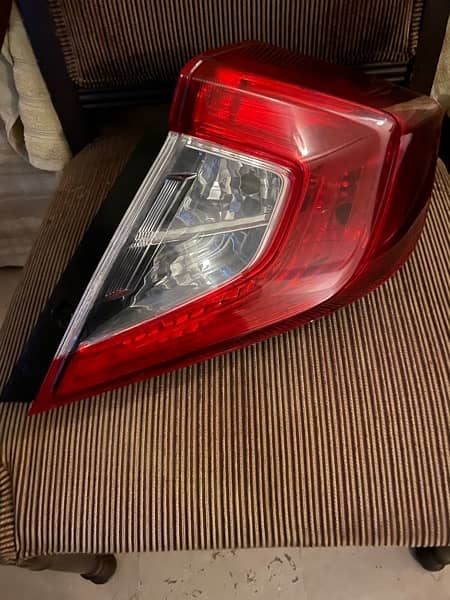 Honda Civic 2018 right tail light 0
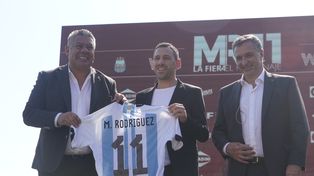 En el cierre de la conferencia en el Coloso, Tapia le regalo una camiseta del seleccionado, con las tres estrellas.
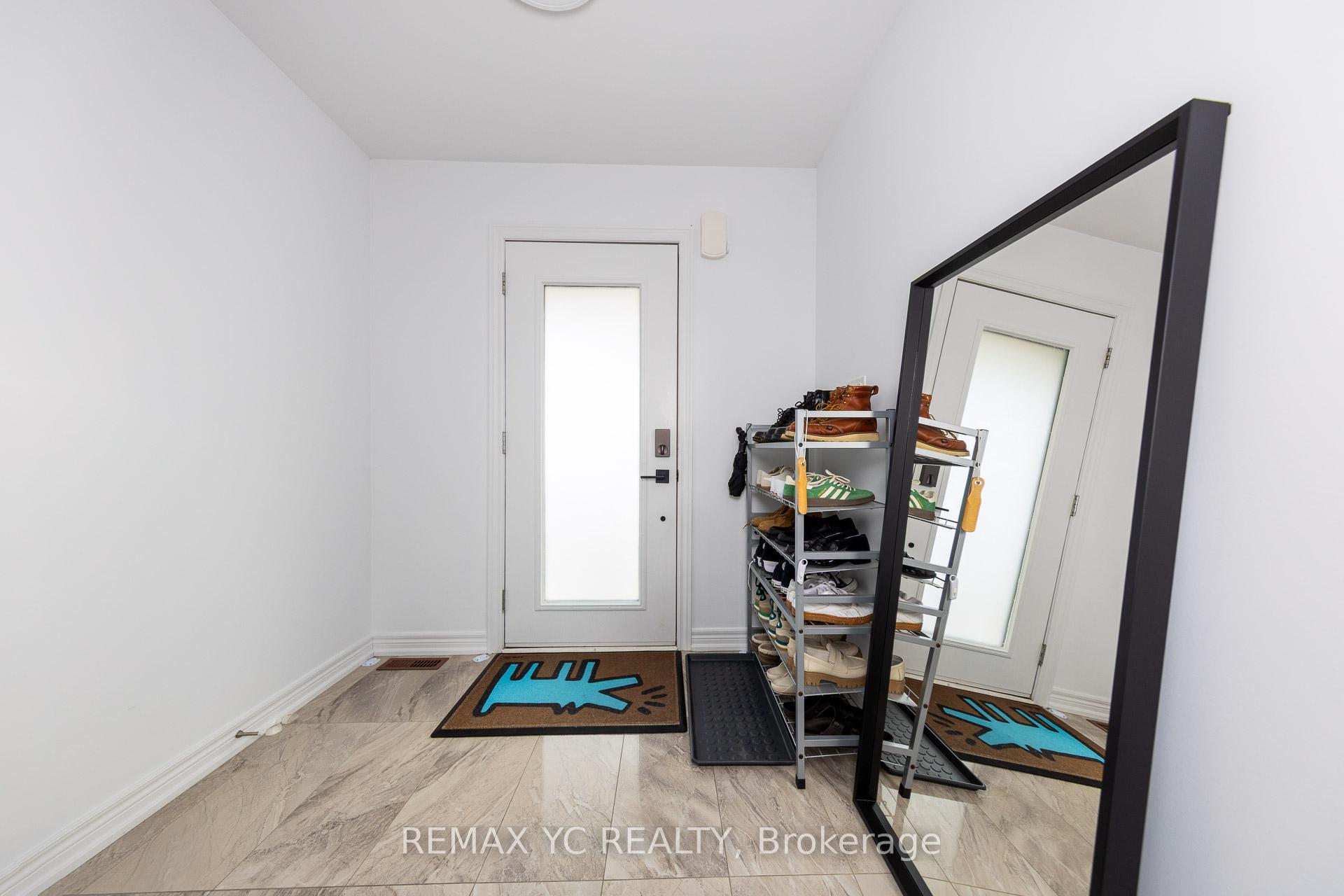 Photo 3 of Unit 2, 1 Leggott Avenue, Barrie, Painswick North — HOMEH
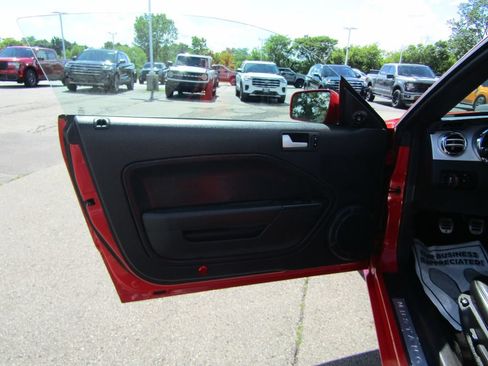Used 2006 Ford Mustang GT RWD image 23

- What you have to do:
Please restate exactly the lines from the one containing "Photo 3 of Unit" down to the end of the material, both ends kept, and do not include the pictures.

- Answer area:
 Photo 3 of Unit 2, 1 Leggott Avenue, Barrie, Painswick North — HOMEH
Used 2006 Ford Mustang GT RWD image 23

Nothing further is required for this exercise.